Dataset records:
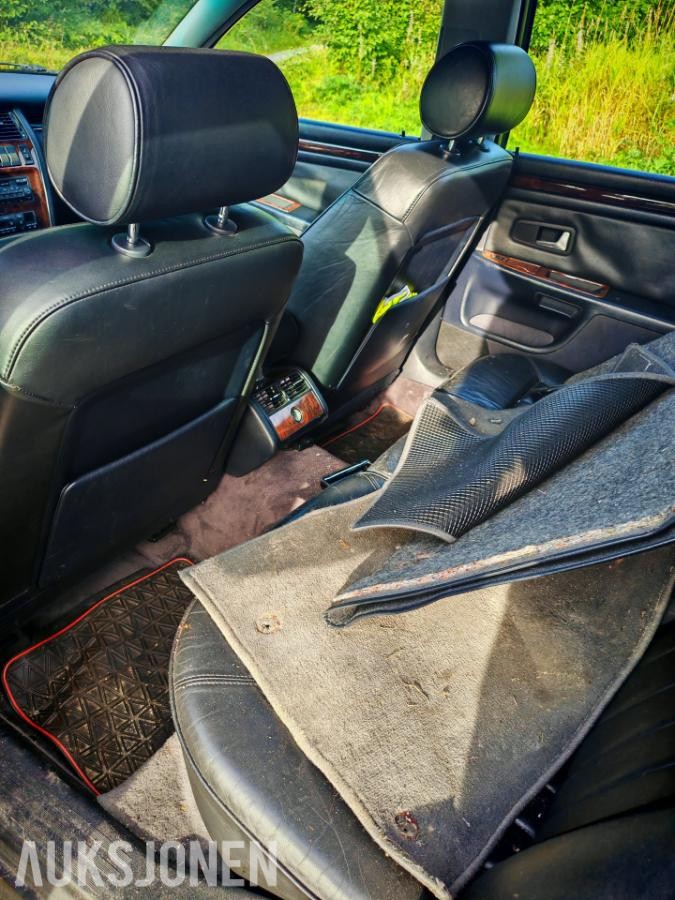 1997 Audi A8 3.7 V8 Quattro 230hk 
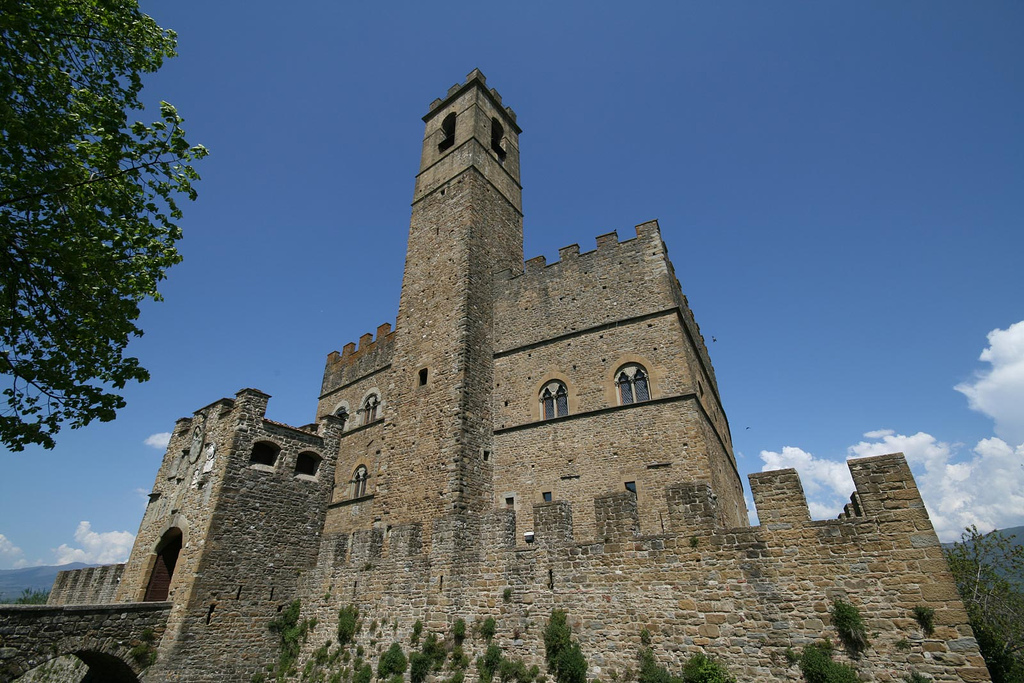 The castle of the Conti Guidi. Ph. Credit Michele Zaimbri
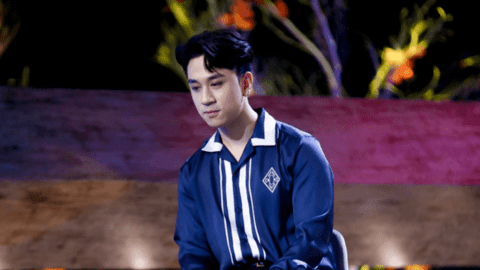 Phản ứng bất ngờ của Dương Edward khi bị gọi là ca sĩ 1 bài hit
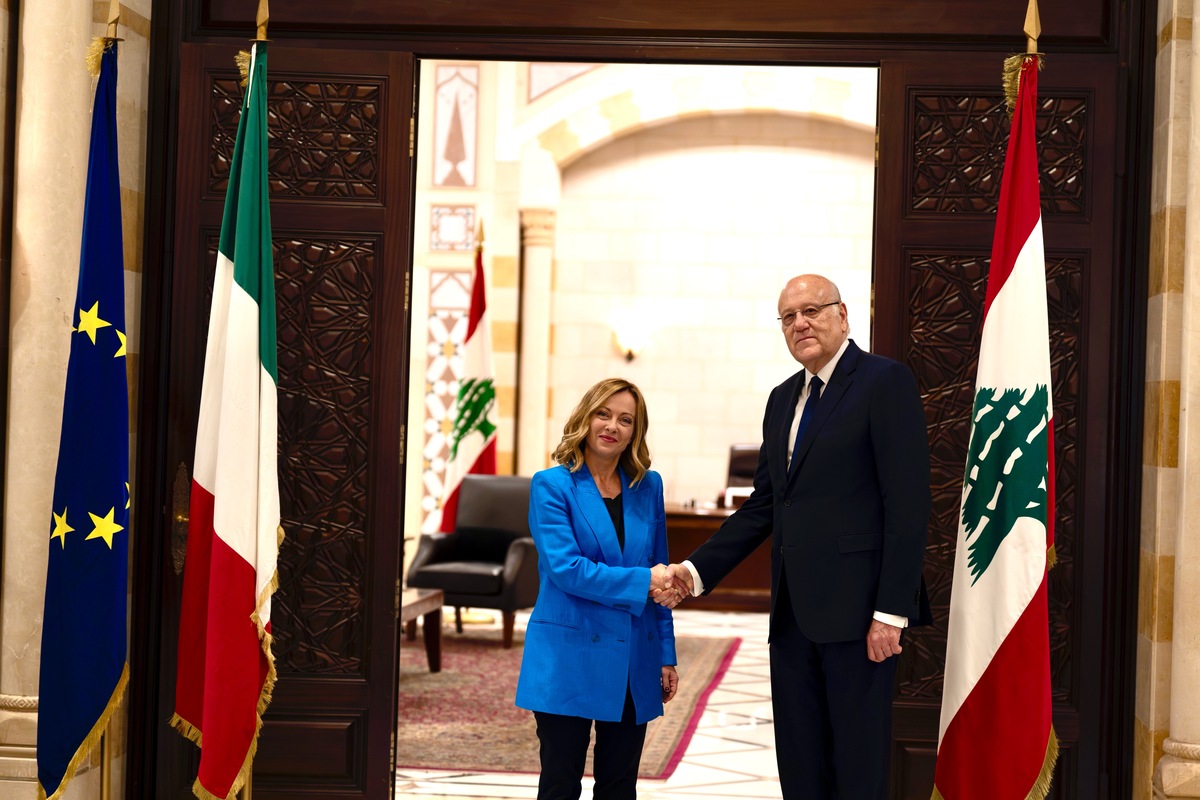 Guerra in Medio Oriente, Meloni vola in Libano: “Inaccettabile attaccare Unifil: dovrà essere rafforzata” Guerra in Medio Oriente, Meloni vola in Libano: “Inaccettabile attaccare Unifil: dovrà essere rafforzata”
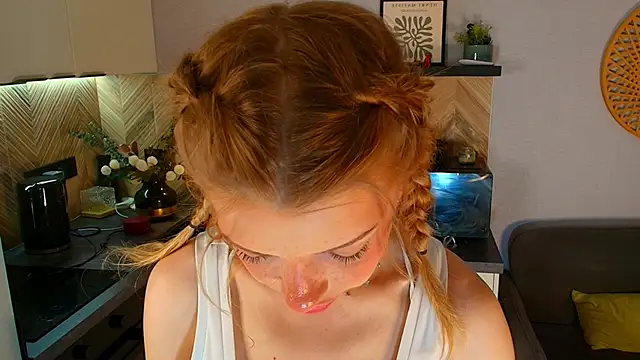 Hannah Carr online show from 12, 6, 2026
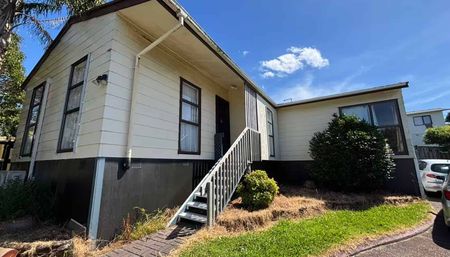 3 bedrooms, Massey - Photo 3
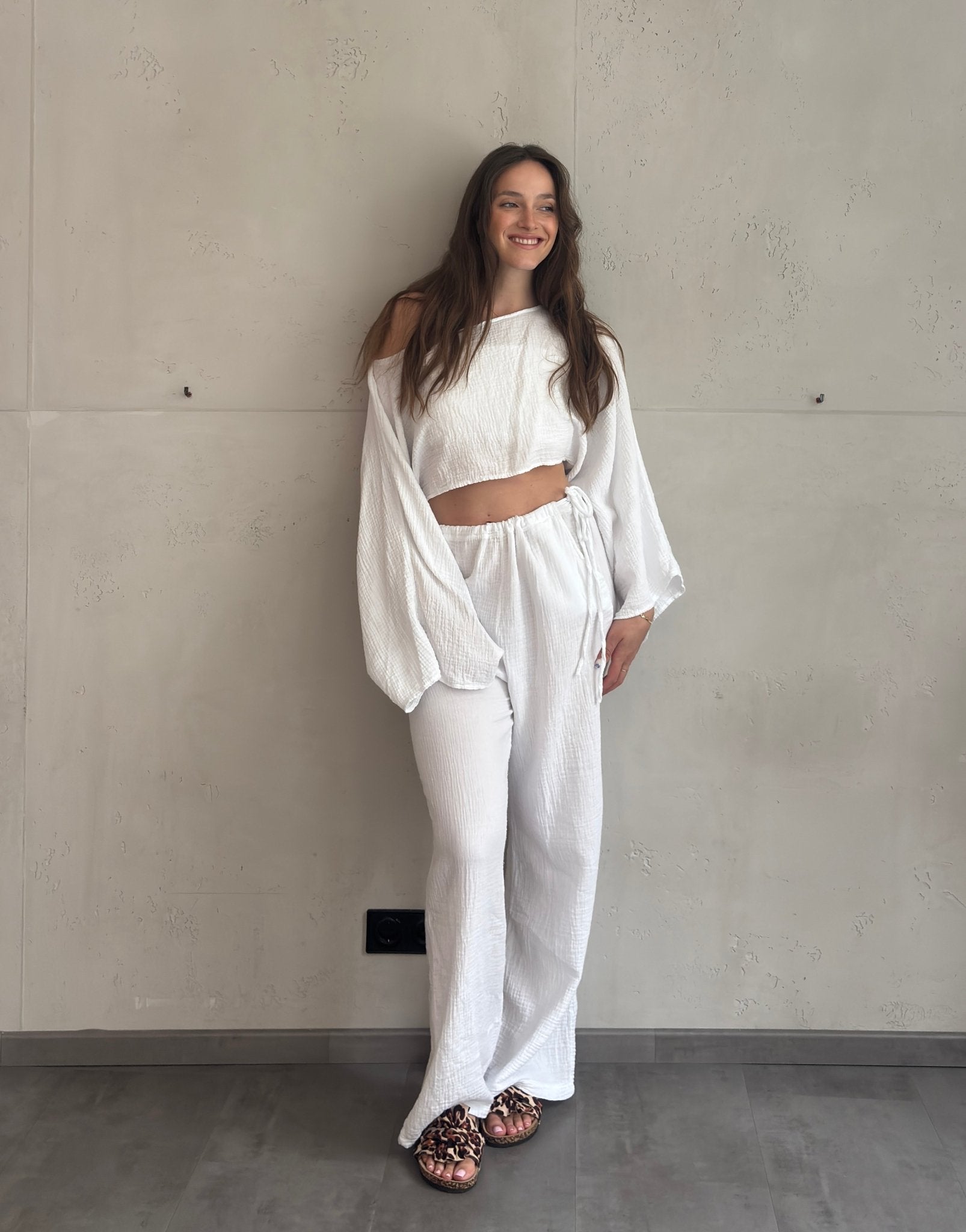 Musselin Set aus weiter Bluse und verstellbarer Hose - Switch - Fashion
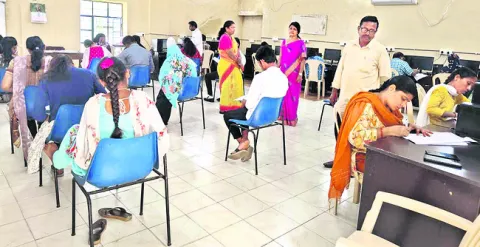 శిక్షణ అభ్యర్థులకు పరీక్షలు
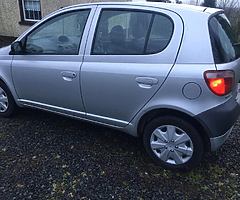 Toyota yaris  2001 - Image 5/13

▶ [Exercise details] A picture-free version of all the records, repeated exactly, is what to return.

▶ [Exercise solution]
 1997 Audi A8 3.7 V8 Quattro 230hk 
 The castle of the Conti Guidi. Ph. Credit Michele Zaimbri
 Phản ứng bất ngờ của Dương Edward khi bị gọi là ca sĩ 1 bài hit
 Guerra in Medio Oriente, Meloni vola in Libano: “Inaccettabile attaccare Unifil: dovrà essere rafforzata” Guerra in Medio Oriente, Meloni vola in Libano: “Inaccettabile attaccare Unifil: dovrà essere rafforzata”
 Hannah Carr online show from 12, 6, 2026
 3 bedrooms, Massey - Photo 3
 Musselin Set aus weiter Bluse und verstellbarer Hose - Switch - Fashion
 శిక్షణ అభ్యర్థులకు పరీక్షలు
 Toyota yaris  2001 - Image 5/13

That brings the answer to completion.